MATERIAL PROVIDED Block Start

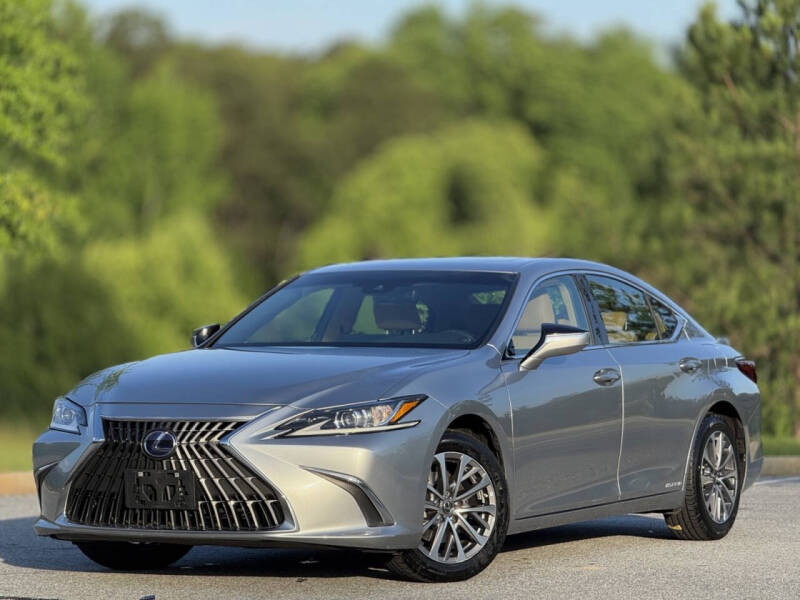 2022 Lexus ES 300h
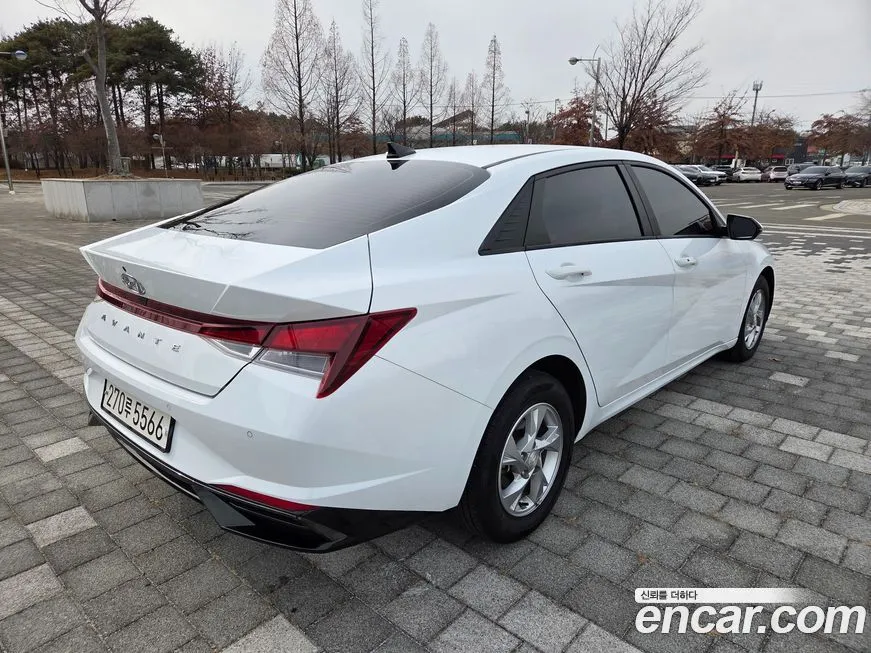 Hyundai AVANTE — фото 10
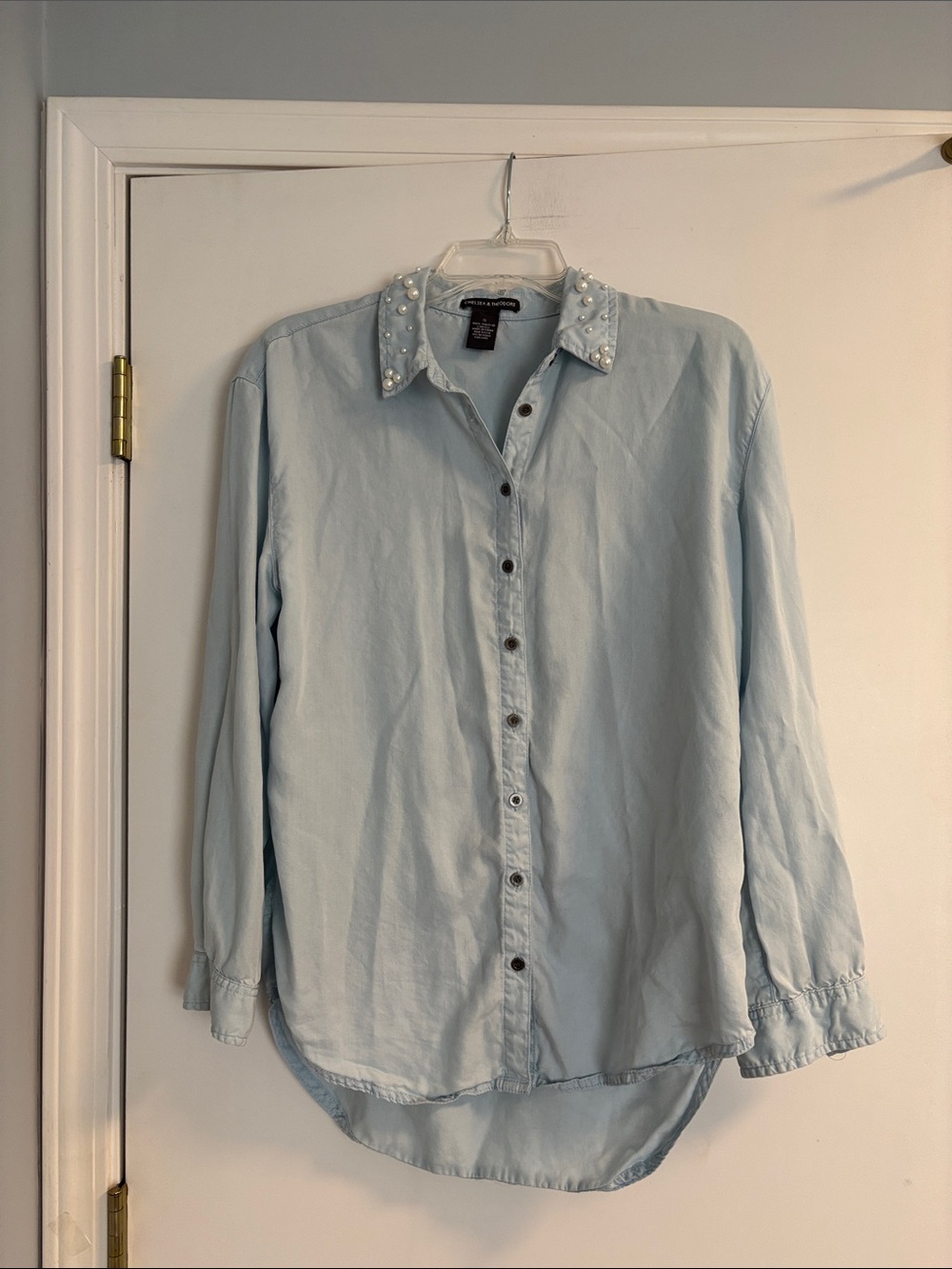 Chelsea & Theodore Light Blue Pearl-Trim Button-Down Shirt Small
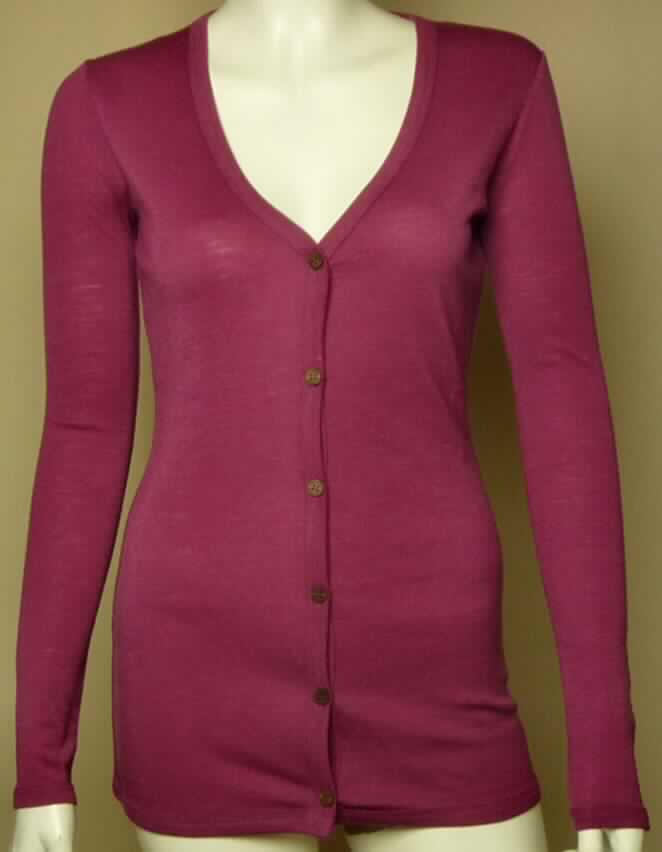 Hemdbluse, sog. Damenstrickjacke W02091, Dargo Cardigan, Größe S, Foto siehe Anlage,
- aus 0,8 mm dicken, einfarbigen Gewirken aus lt. Antrag 100 % Merinowolle; mit durchschnittlich mehr als
  10 Maschen je linearen Zentimeter in jeder Richtung,
- über die Taille reichend (Rückenlänge: 67 cm), 
- mit einem V- förmigen Halsausschnitt,
- vorn mit einer durchgehenden Öffnung mit Knopfverschluss von rechts über links (Frauenkleidung),
- mit langen Ärmeln,
- am unteren Rand gesäumt,
- den Hemden für Männer entsprechend zugeschnitten.

"Hemdbluse, aus Gewirken, für Frauen, aus Wolle"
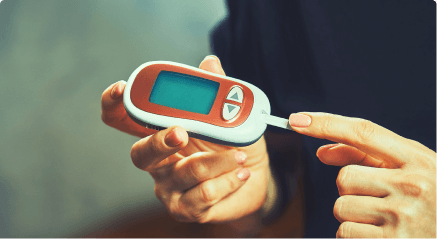 Trích máu ngón tay để đo đường huyết mao mạch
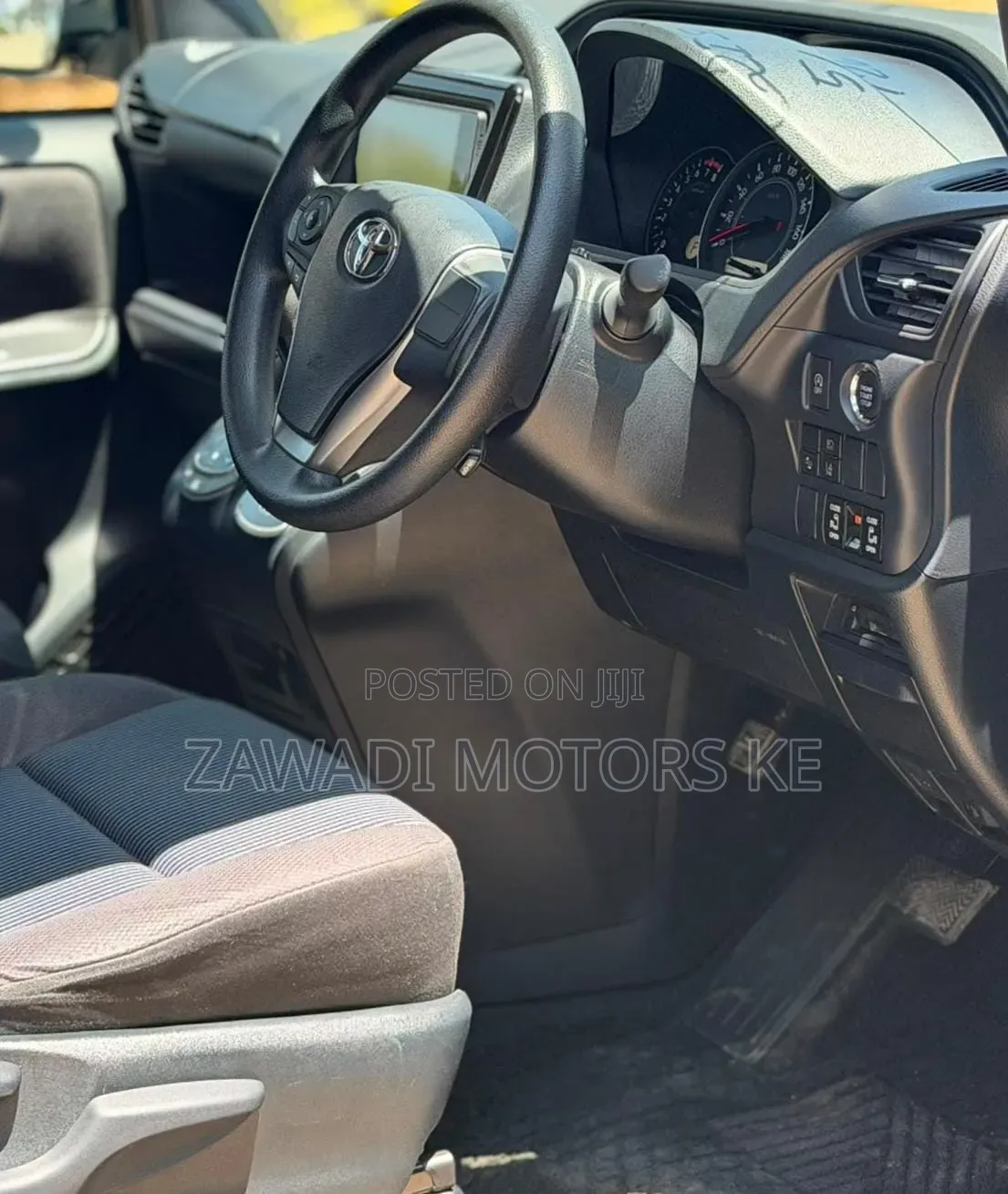 Toyota Noah 2.0 FWD (7 Seater) 2019 Black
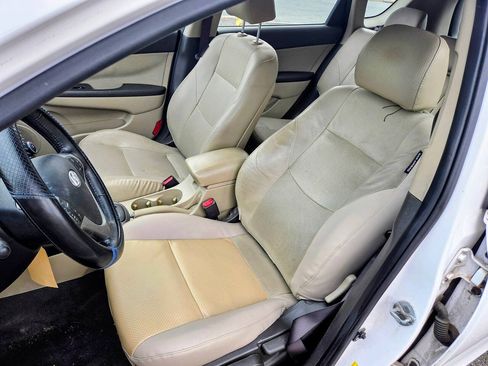 Used 2012 Hyundai Elantra FWD image 11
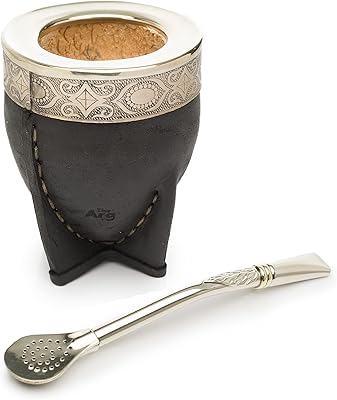 La tasse en cuir de luxe emballée à la main argentino imperial avec la tasse yerba mate bombilla de alpaga et la paille yerba mate de theridge. En offrant plus de 300000 références, DIAYTAR COTE D'IVOIRE constitue un véritable paradis pour les amateurs de shopping en ligne. La boutique met régulièrement à jour ses collections pour refléter les dernières tendances et offrir aux clients les produits les plus récents et les plus demandés. Cela permet à DIAYTAR de maintenir son statut de boutique leader en Cote d'Ivoire.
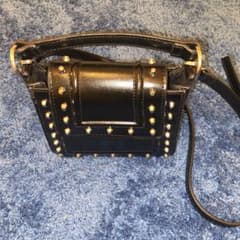 ZARA スタッズ付きショルダーバッグのサムネイル
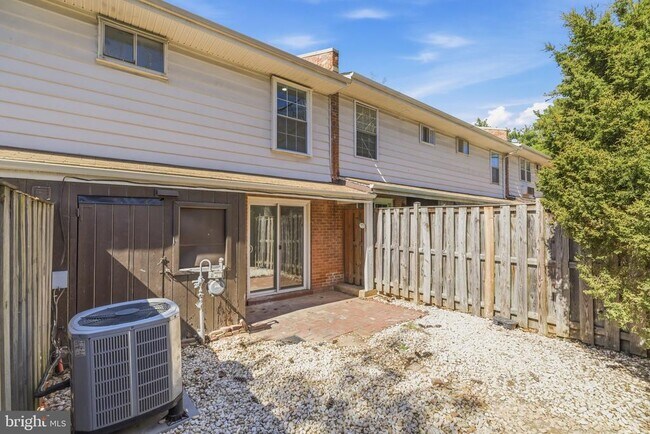 Building Photo - 102 N Duke Dr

MATERIAL PROVIDED Block End

PROBLEM TO WORK ON
Please state how many lines in the entries include the string "über", giving no more than the number.

EXERCISE RESULT
2